Debugging Deterministic Simulations
When a deterministic simulation is working, they are very helpful for debugging. You can record and replay them to reliably reproduce all sorts of issues.
But what do you do when the simulation diverges and is no longer deterministic? We dealt with this at Relic Entertainment. Each player in a multiplayer game would simulate their world and transmit their choices to every other player. Everyone would happily simulate lots of things the same way without having to explicitly send all the data over the network.
You’ll want to quickly and efficiently know if your simulation has diverged. This was done by CRCing state data each tick, so it could be compared to other players. This also had a nice side effect of detecting when someone was trying to cheat (changing their local simulation).

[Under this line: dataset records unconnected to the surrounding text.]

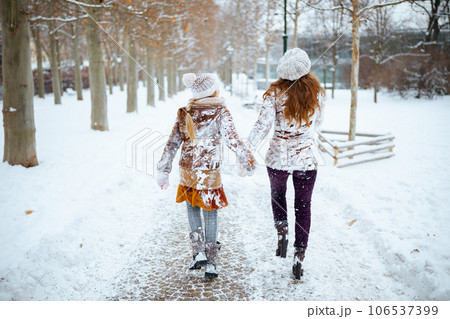 mother and child in coat, hat, scarf and mittens walking 106537399
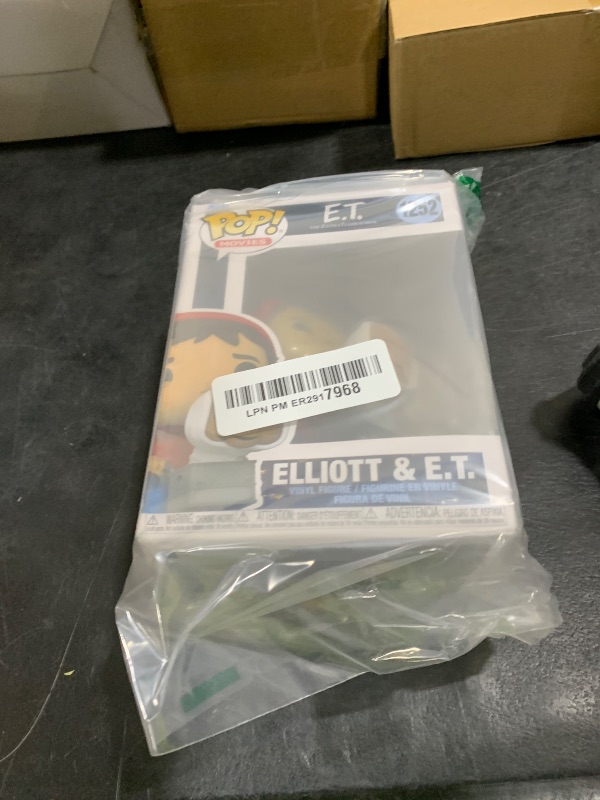 Photo 1 of Funko Pop Movies: E.T. The Extra-Terrestrial - Elliott - Elliot with E.T. in Basket, 3.75 Inches - Collectable Vinyl Figure - Gift Idea - Official Merchandise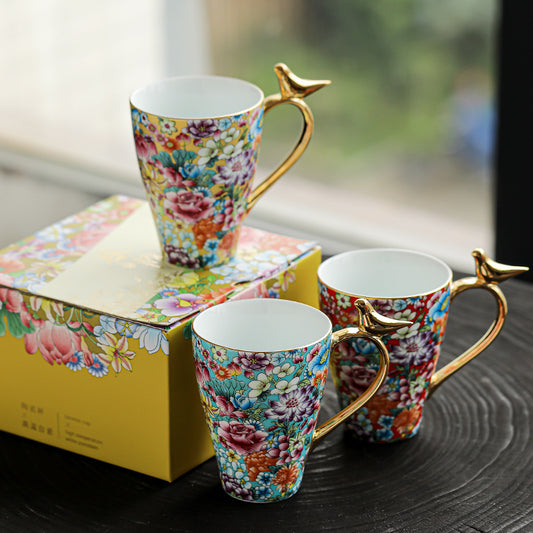 Golden Bird Handle Floral Porcelain Mug – Enamel Glaze Edition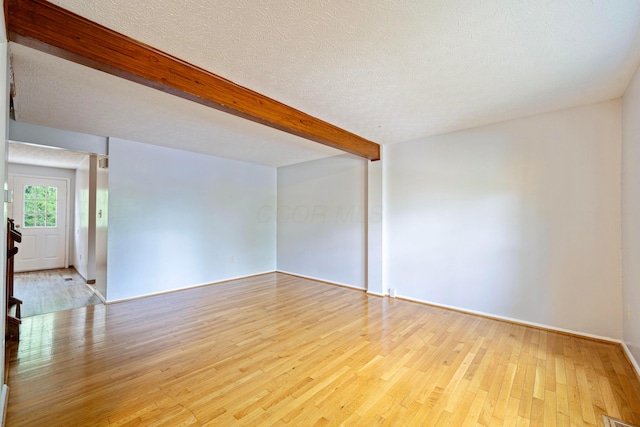 3860 Julia Ct, Columbus, OH 43230 - unfurnished room featuring light wood finished floors, beamed ceiling, a textured ceiling, and baseboards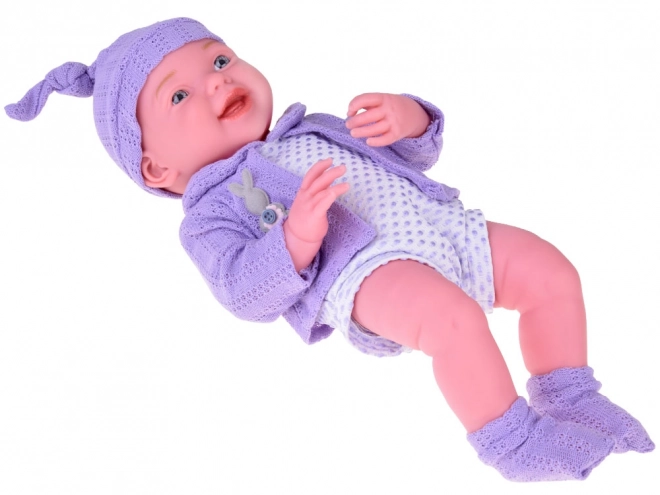 Smiling Baby Doll in Purple Sweater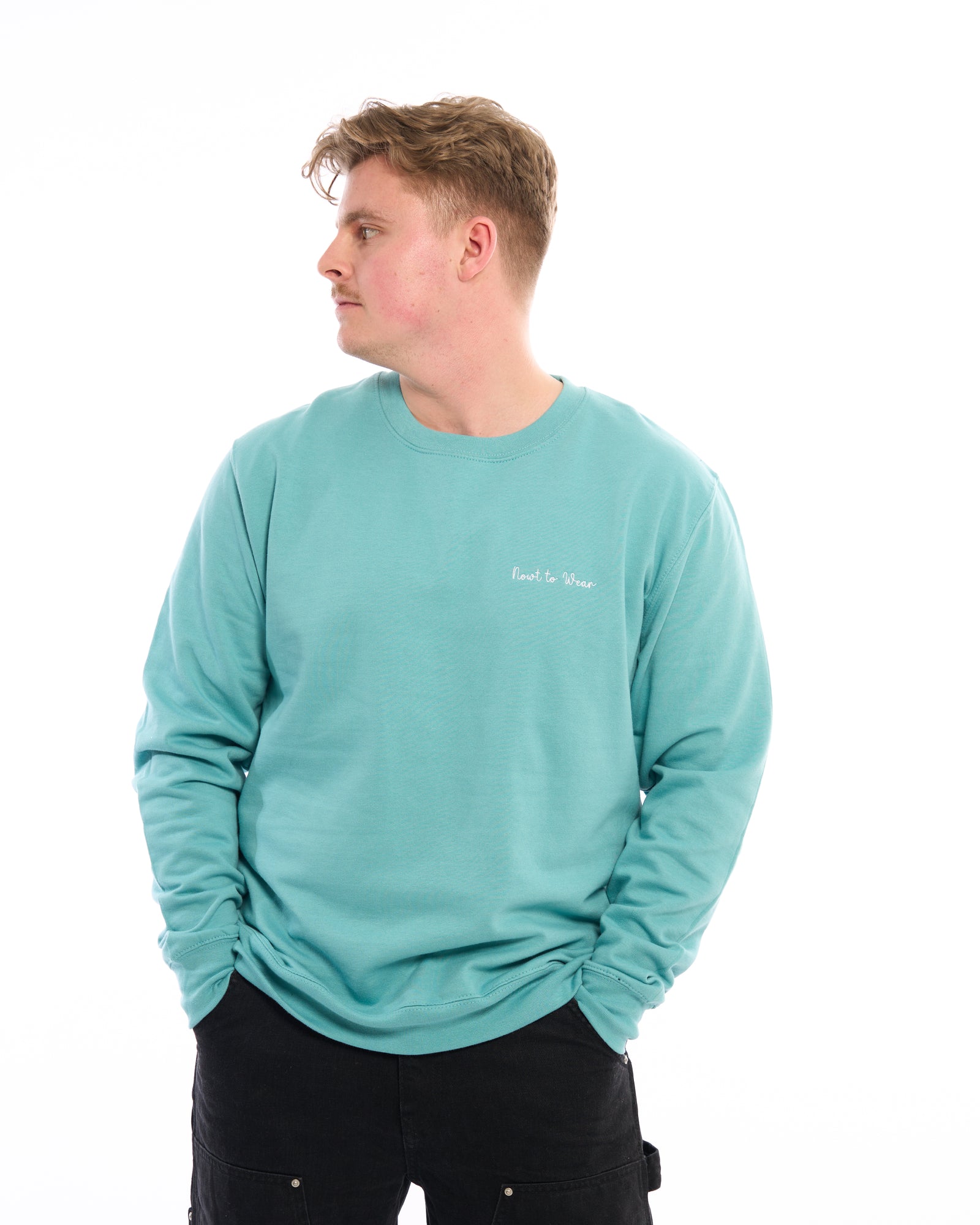 Premium quality designer embroidered embroidery Nowt to Wear (nothing to wear) funny slogan logo crew neck long sleeve sweatshirt. Turquoise teal blue green top with subtle handwriting white minimalist small logo on the left breast. Yorkshire Lancashire dialect. Funny local slogan logo dialect. Men's and women's clothing - unisex wear. Male model with hand in pocket looking to the right.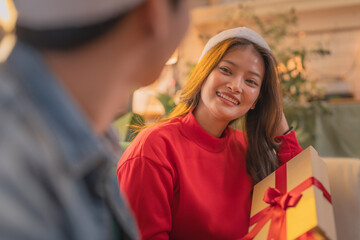 A joyful woman in red sweater and festive hat smiles while holding beautifully wrapped gift, creating warm and cheerful holiday atmosphere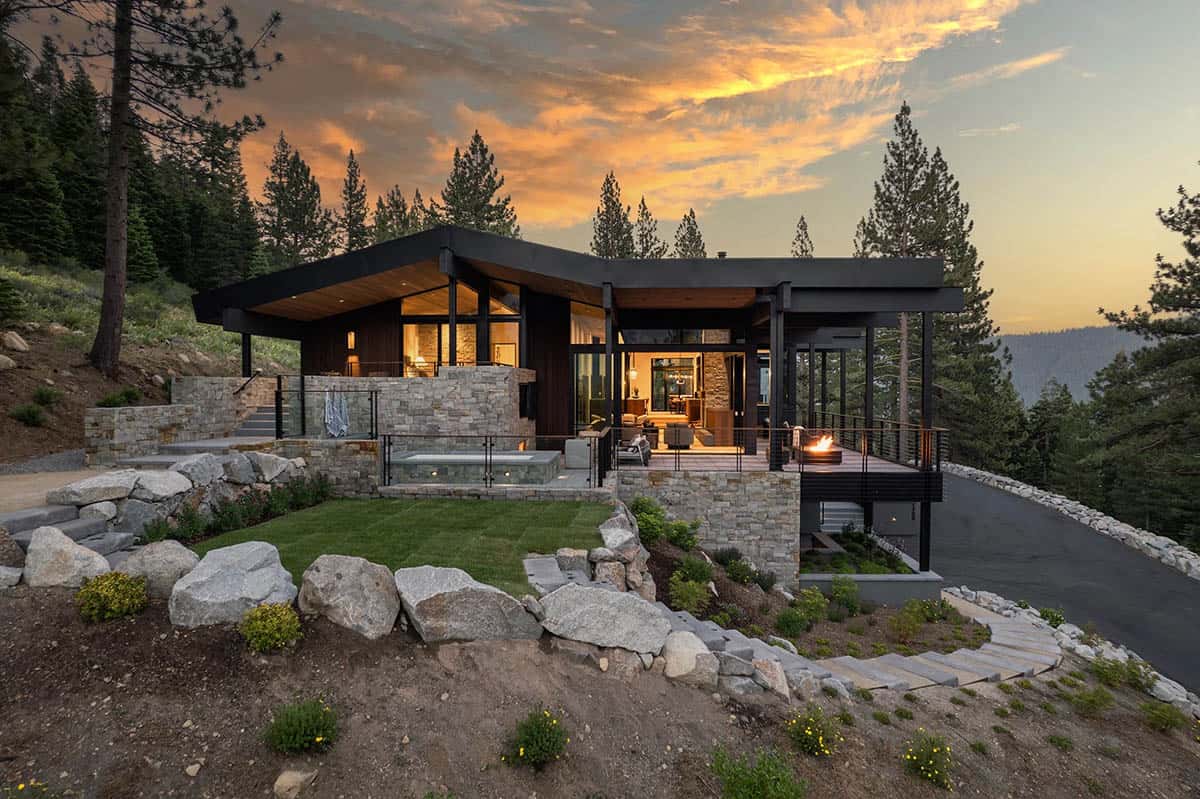 Modern mountain home at sunset with stone spa, fire pit deck, and glowing interior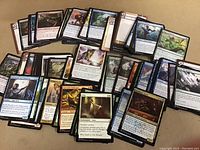 Photo shows a spread of over 100 Magic the Gathering cards in various colors and types, displayed on a flat surface.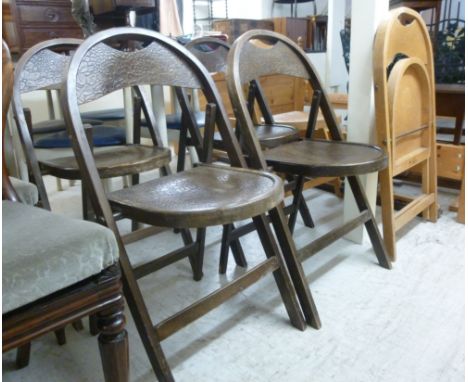 A set of four stained beech framed folding chairs, raised on rectangular legs; and a pair of light beech framed chairs       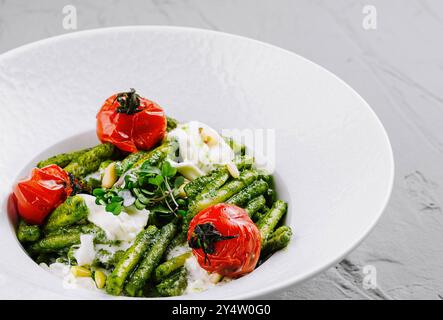 Delizioso pasto vegetariano con trofie e pesto al basilico, decorato con pinoli, pomodori ciliegini al forno e burrata, servito su bianco Foto Stock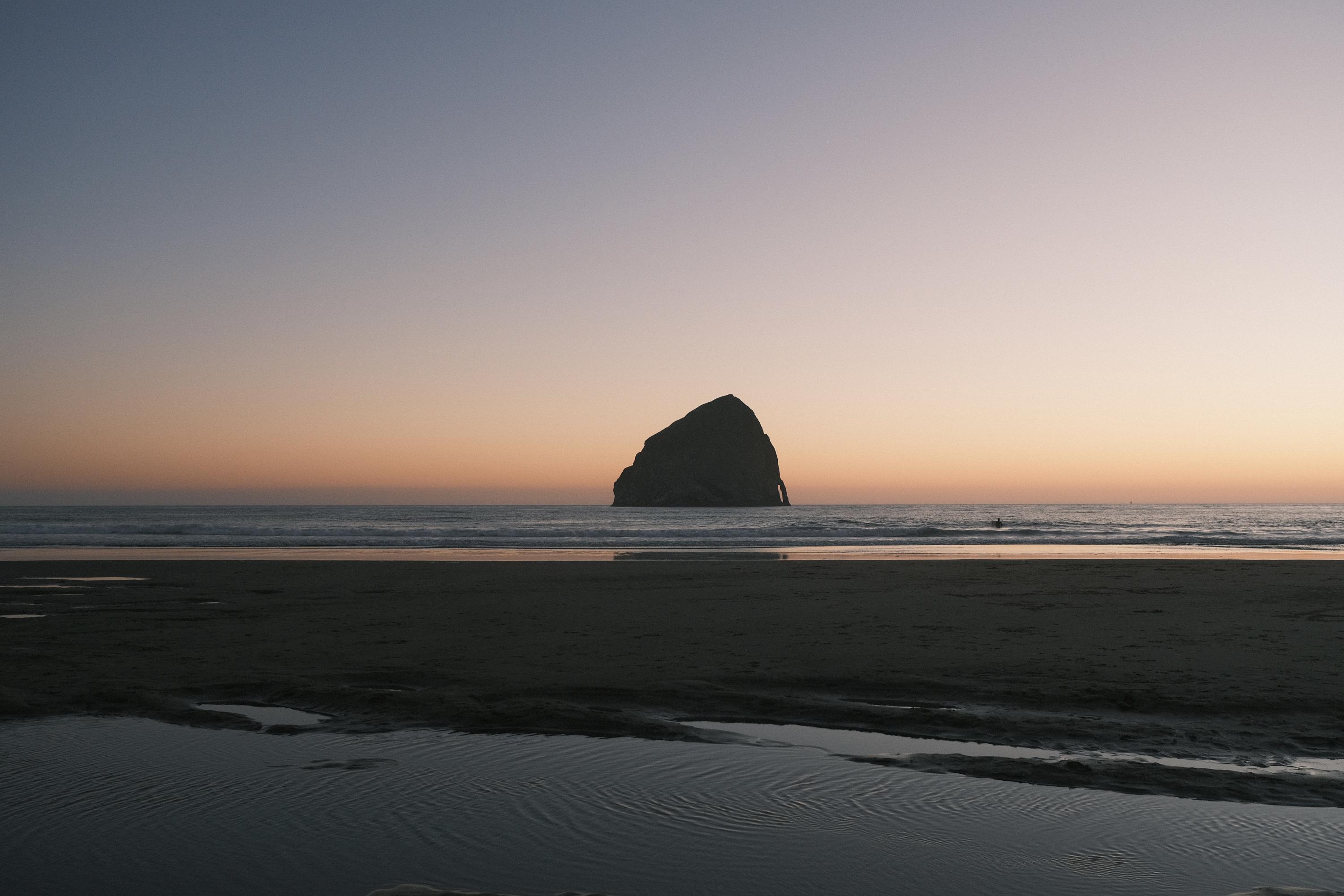 A great haystack rock on the oregon coast during sunset, with the tide rolling out and revealing the sand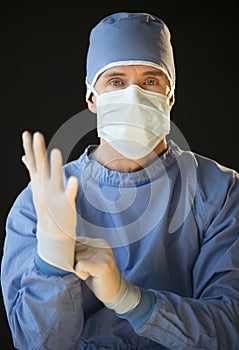 Portrait Of Male Surgeon Preparing For Surgery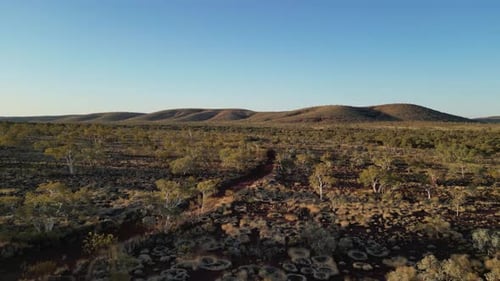 Aerial establishing shot of abandoned road in Australian desert during sunset time. Bush and plants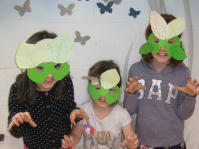 three children wearing natural art masks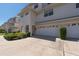 Townhome featuring an attached garage, well-maintained landscaping, and a welcoming entrance at 8181 Eagles Park N Dr, St Petersburg, FL 33709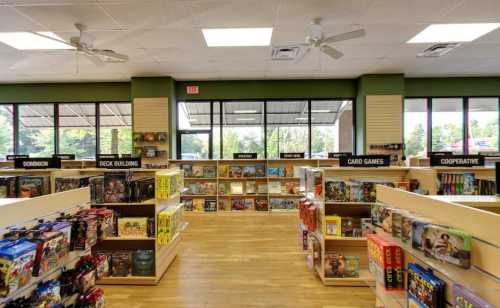 Interior of a game store featuring shelves of board games, card games, and cooperative games, with large windows.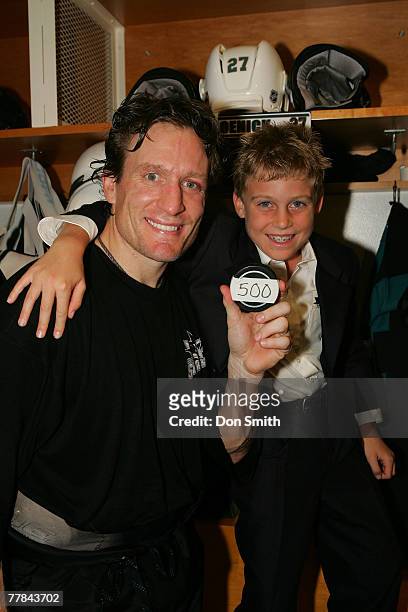 Jeremy Roenick of the San Jose Sharks and his son pose with the puck that gave him 500 career goals after a NHL game against the Phoenix Coyotes on...
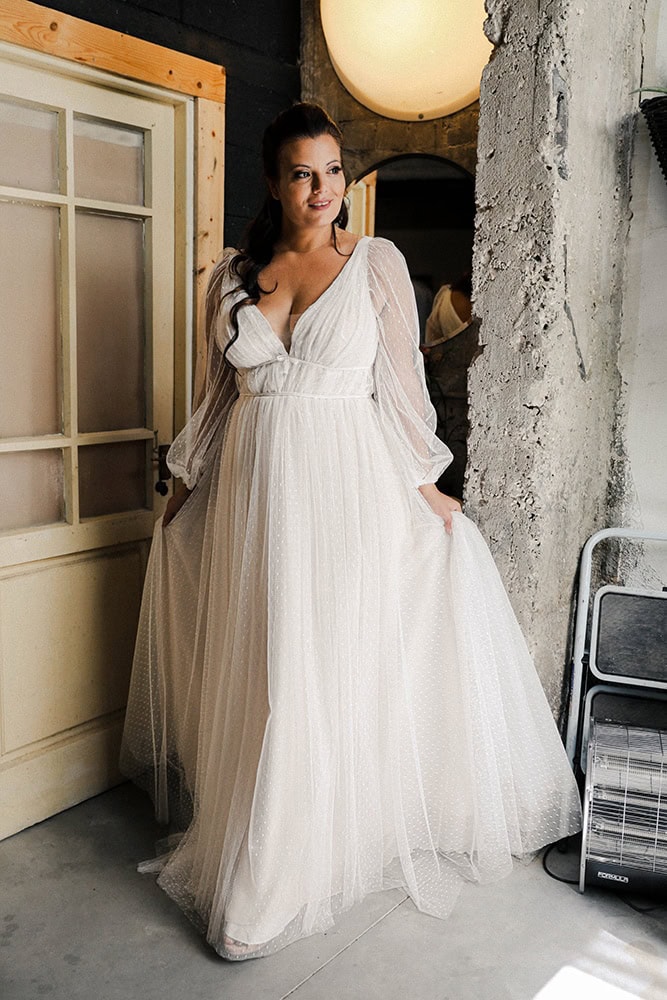 A plus-size bride in a plunging neckline dotted tulle wedding dress with sheer bishop sleeves,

So this is a way to know if something went wrong. But how do you know which part exactly? When a divergence would be detected, often the actual issue started a few ticks earlier. To address this, debug builds kept a circular buffer of state data (more detailed than CRCs) for the most recent ticks. These would get dumped if a “sync error” (sim divergence) occurred. With the logs of several clients in the same match, it was possible to narrow down the root issue. The most common causes were: iterating through containers that have non-deterministic ordering (like std::map
entries), floating-point precision issues, and using non-simulation local-to-client data for simulation inputs (like where the player’s camera is looking).